When Bill Gates got married on the Hawaiian island of Lana'i, he might have wondered how the coral-rich gravel outcrops shown here came to be 30 metres above sea level. If so, he would have been told that these gravels, and others even higher up, were deposited by a giant tsunami 105,000 years ago.

The tsunami hypothesis came from the chaotic nature of the gravels, and the fact that other nearby Hawaiian islands are subsiding — so that deposits formed at sea level 100,000 years ago would not be expected to be at high elevations today. But the tsunami would have had to be truly 'giant', with a run-up of hundreds of metres, compared with a modern-day Hawaiian record of only 17 metres.

Elsewhere in this issue (Nature 408, 675–681; 2000), Ken Rubin and colleagues describe a test of the tsunami hypothesis.
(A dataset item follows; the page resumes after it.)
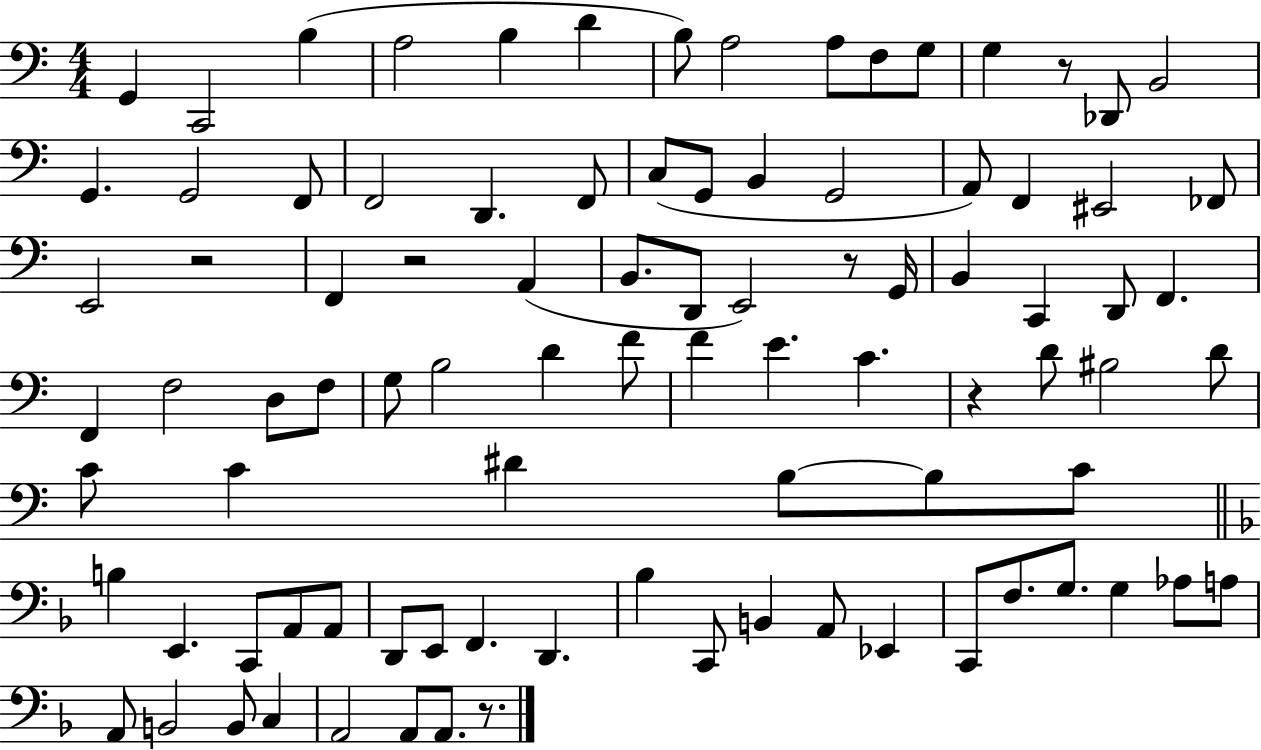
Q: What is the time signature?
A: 4/4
They find that the gravels contain corals of two distinct ages (135,000 and 240,000 years old), both from times when sea level was high. From this and detailed mapping studies, they conclude that the gravels were in fact deposited not in a single catastrophic event, but by typical Hawaiian coastal processes such as those forming the cobble beach towards the left of the photo.

And what of the subsidence problem? It turns out that recent flexure models of the Pacific plate can explain concurrent subsidence of some islands and uplift on others, including Lana'i. Uplifting experiences for both the island and the computer magnate, then.